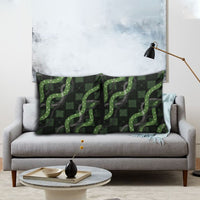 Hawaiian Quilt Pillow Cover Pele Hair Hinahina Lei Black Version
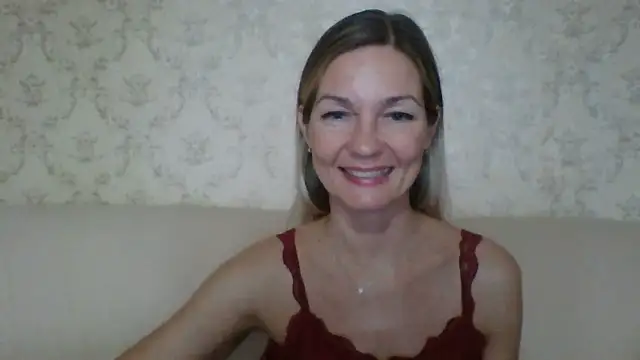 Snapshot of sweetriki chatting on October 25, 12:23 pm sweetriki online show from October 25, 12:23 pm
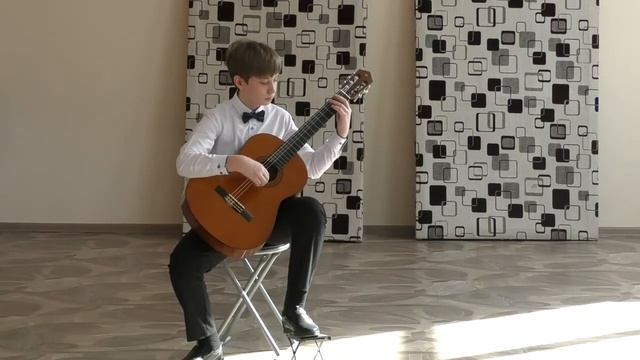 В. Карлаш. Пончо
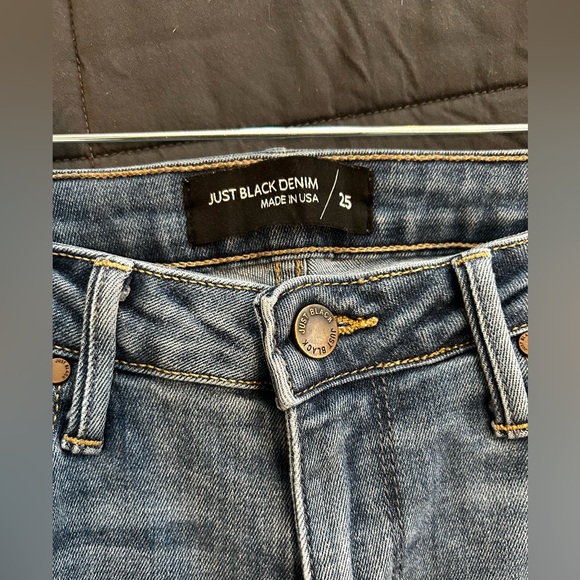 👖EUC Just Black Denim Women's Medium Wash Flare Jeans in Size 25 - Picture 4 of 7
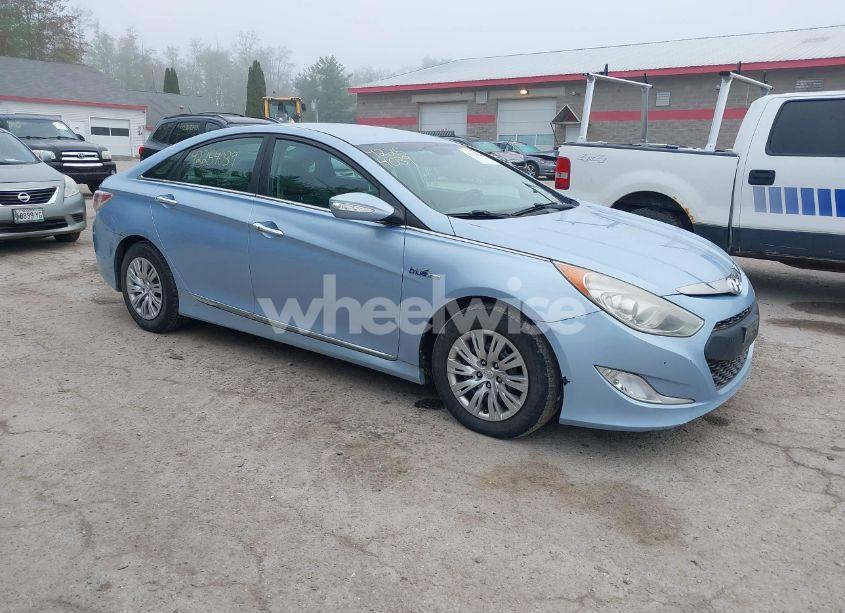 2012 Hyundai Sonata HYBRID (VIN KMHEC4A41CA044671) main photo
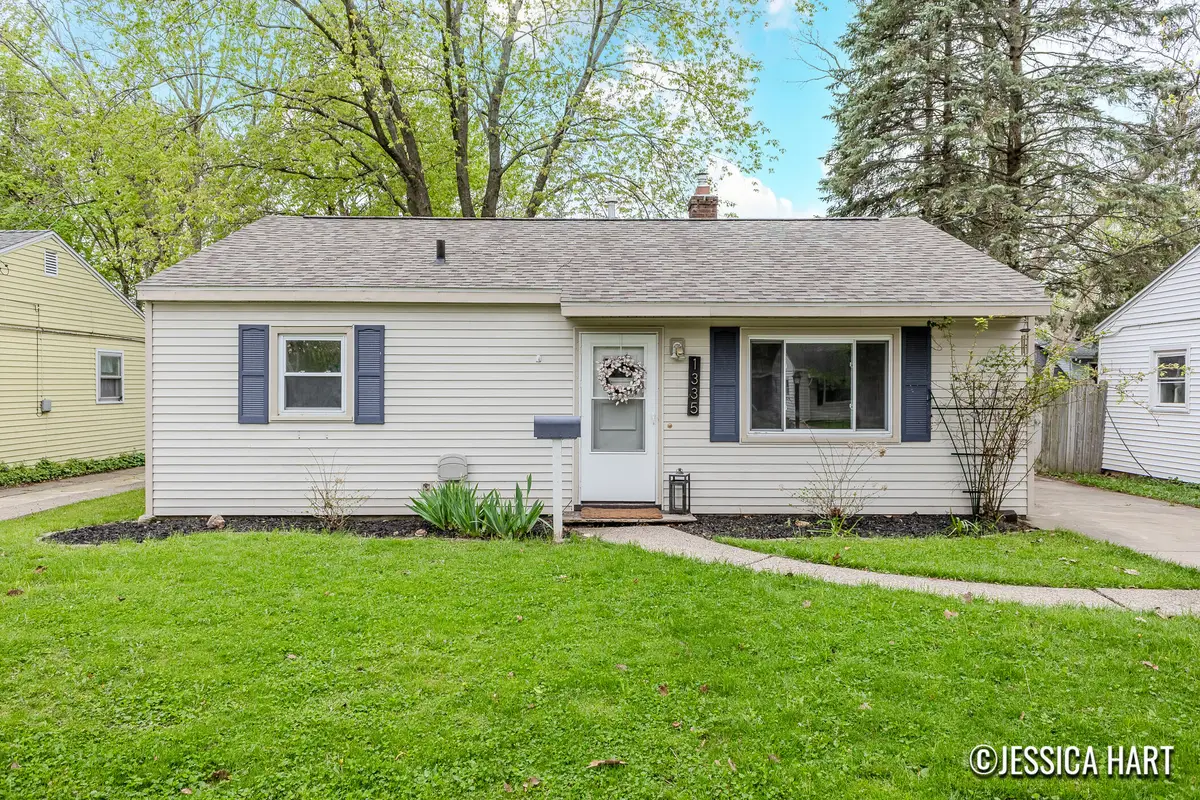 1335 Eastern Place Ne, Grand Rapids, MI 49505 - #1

What you should do: Your reply should hold every line of the material, unaltered, and not one picture.

Exercise result:
 Hawaiian Quilt Pillow Cover Pele Hair Hinahina Lei Black Version
 Snapshot of sweetriki chatting on October 25, 12:23 pm sweetriki online show from October 25, 12:23 pm
 В. Карлаш. Пончо
 👖EUC Just Black Denim Women's Medium Wash Flare Jeans in Size 25 - Picture 4 of 7
 2012 Hyundai Sonata HYBRID (VIN KMHEC4A41CA044671) main photo
 1335 Eastern Place Ne, Grand Rapids, MI 49505 - #1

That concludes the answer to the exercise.